With a capital of only 20,000 SSP, an equivalent of 50 United States Dollars or less, the determined mother of three decided to venture into hawking fruits along roadsides in January this year.

But this was not going to be a walk in the park as she would soon discover. Selling perishable goods like fruits was not an easy job. It was worse for beginners like her who had not made regular customers yet.

“I found myself struggling to find customers to buy my goods before they go bad in one or two days,” she says.

Already a social media creative, Alek decided to start advertising on Facebook.

“I can still remember what I wrote. The post read: Hi guys! Come and buy my fruits. I am selling fruits at the roadside near the University of Juba along Giada road,” she says with a smile, no doubt reminiscing the struggles she has endured to be where she is right now.

She had the maximum number of Facebook friends –  5000 – and  to some of them, they thought she was joking.

After a series of posts, the results started showing.

“When they realized that indeed I was serious, they started coming to my stall to buy. I appreciate everyone who has been part of this journey with me,” says an emotional Alek.

More than five months after enduring dust, smoke and deafening noise fruit moving cars, Alek is literally reaping fruits of fruits vending.

She recalls a near-death experience when a driver rammed into her stall, smashing everything to pieces. She however escaped unhurt.
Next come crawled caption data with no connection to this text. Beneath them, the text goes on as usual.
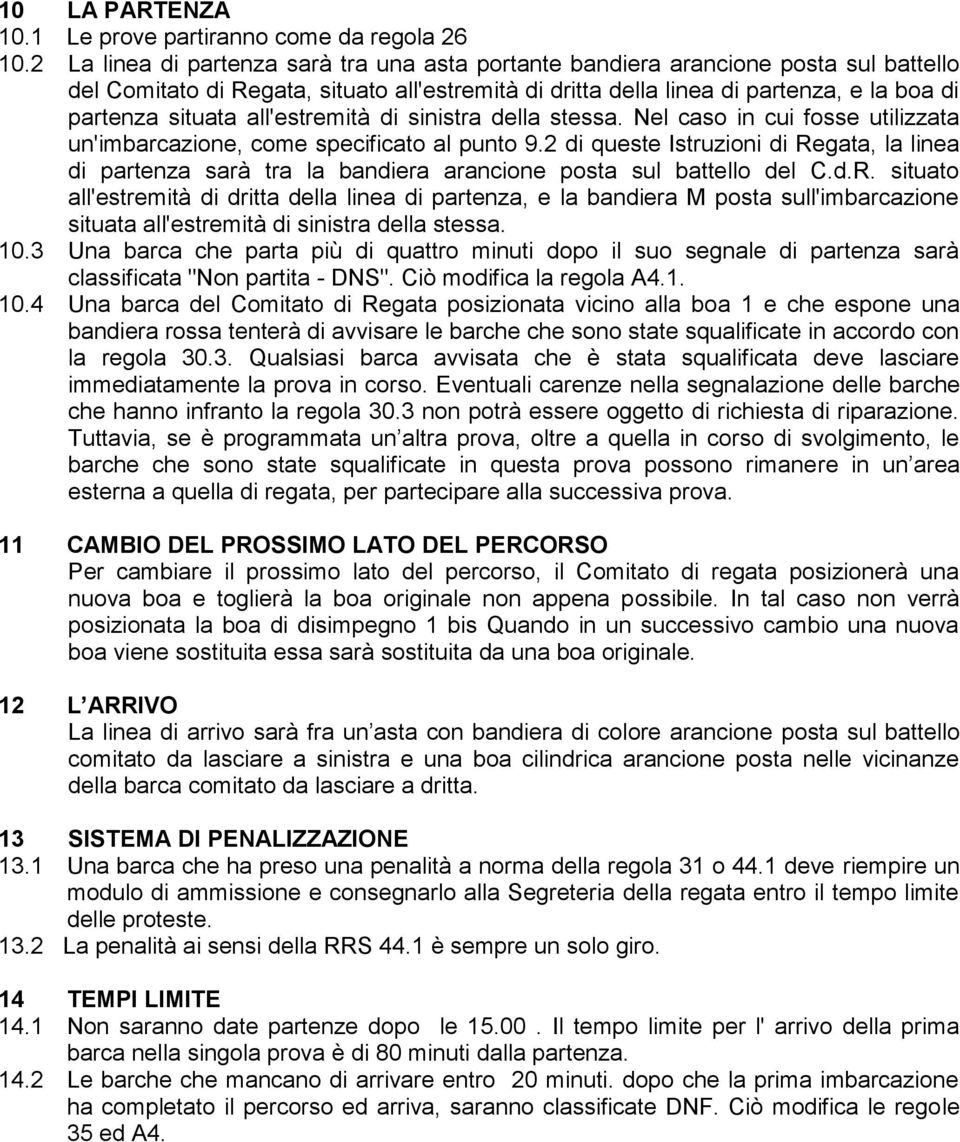 all'estremità di sinistra della stessa. Nel caso in cui fosse utilizzata un'imbarcazione, come specificato al punto 9.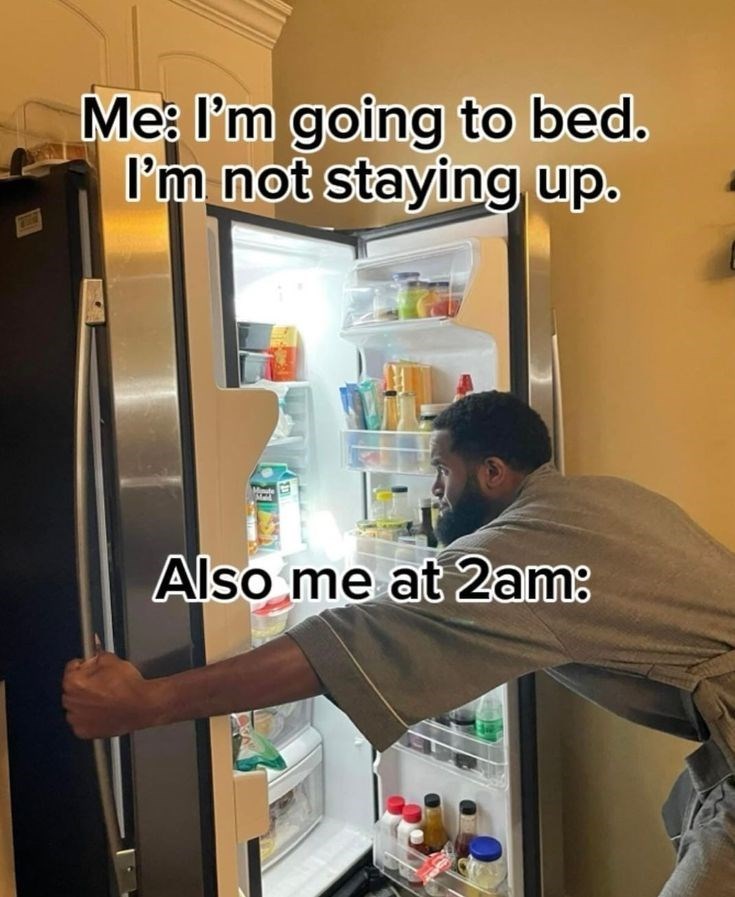 Me: I'm going to bed. I'm not staying up. Also me at 2am: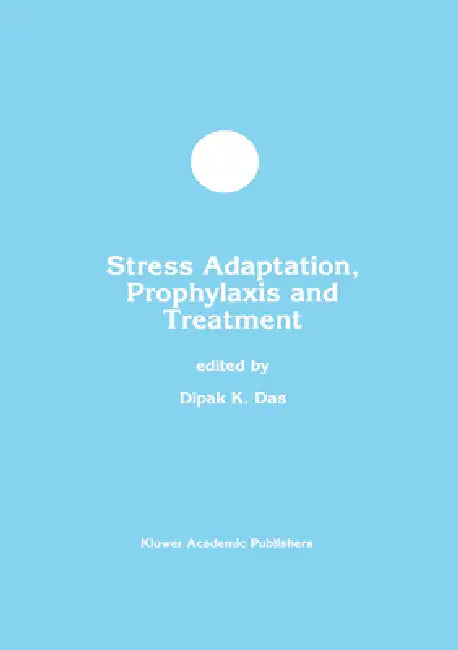 Stress Adaptation, Prophylaxis and Treatment by Dipak K. Das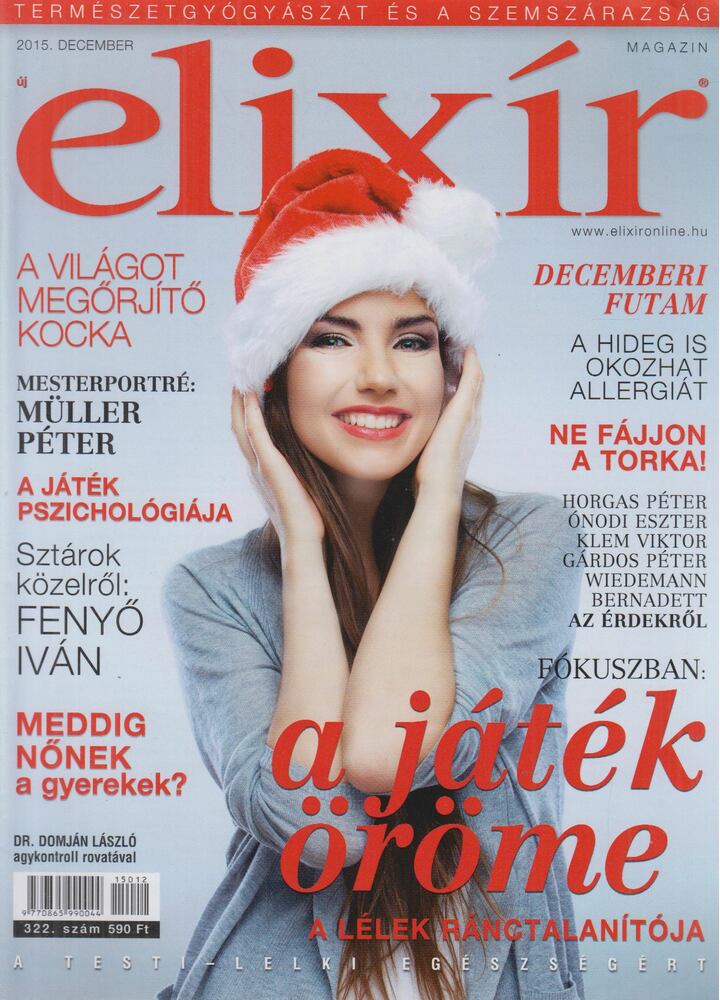 Dr. Nagy Róbert (főszerk.) - Elixír Magazin 2015. december [antikvár]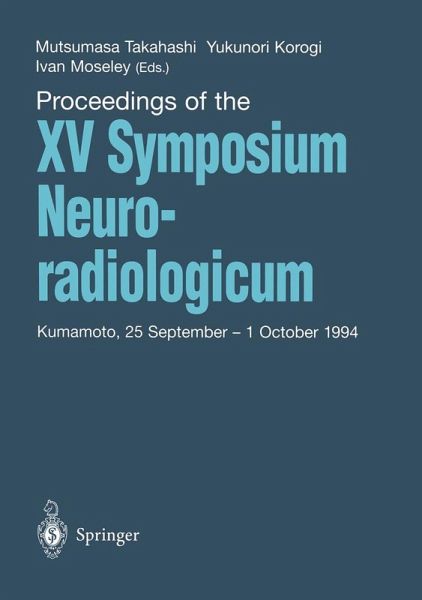 Proceedings of the XV Symposium Neuroradiologicum (eBook, PDF) Proceedings of the XV Symposium Neuroradiologicum (eBook, PDF)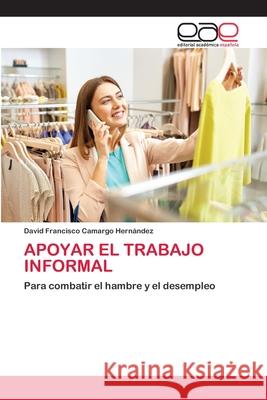 Apoyar El Trabajo Informal Camargo Hern 9786200429353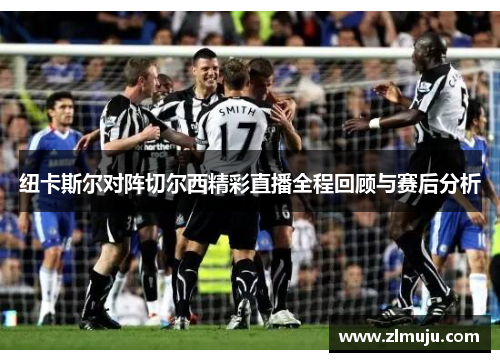 纽卡斯尔对阵切尔西精彩直播全程回顾与赛后分析 纽卡斯尔对阵切尔西精彩直播全程回顾与赛后分析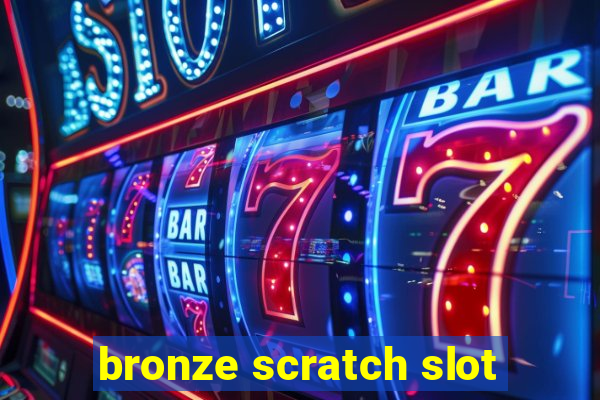 bronze scratch slot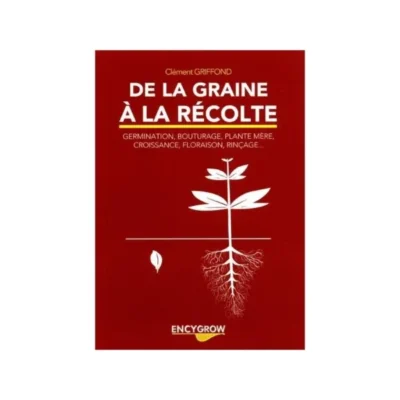 De la graine à la récolte (FRENCH)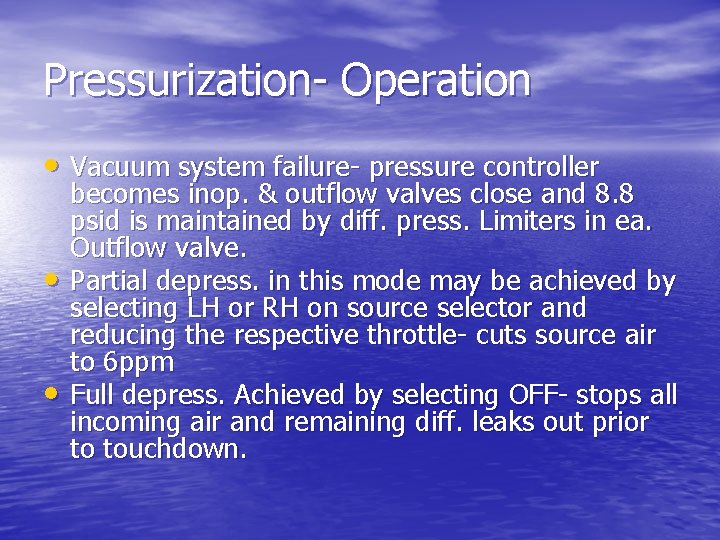 Pressurization- Operation • Vacuum system failure- pressure controller • • becomes inop. & outflow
“This is a risk we have to live with. We are selling just a few inches away from the tarmac. While it is dangerous, the fact is that this place is convenient for customers because of the road junction,” she says.

“I know I will consume smoke on the road and sweat but that is not bad because when I go home after the business, I will take bath and rest like others with my money,” she says then bursts into a hearty laughter.

Alek says she hopes her struggles will inspire other single women. She says that it is important that a woman, particularly a single woman becomes self-sufficient financially.

“I started with my small table and a tray that I brought from my house. Now I can comfortably feed my children. I will be a complete woman the day I will see more and more women who have been in my shoes joining the train,” she says.

Right now she has established another branch of her business in Sherikat suburb, and she looks to open more in strategic places within Juba in the near future.

“It is good my business has grown. While I can employ a few to help me run the different businesses, I will be happier to see others joining me in this and other business as entrepreneurs,” says Alek.

She says women, whether single or not must take good care of their children, because people are single for different reasons.

“I am single because I have lost my husband, other people are single because of other reasons and some can even be single because their husband could not take care of their kids. If the woman is the one taking care of the family and the man is just there seated without doing anything, then that woman is single,” she says.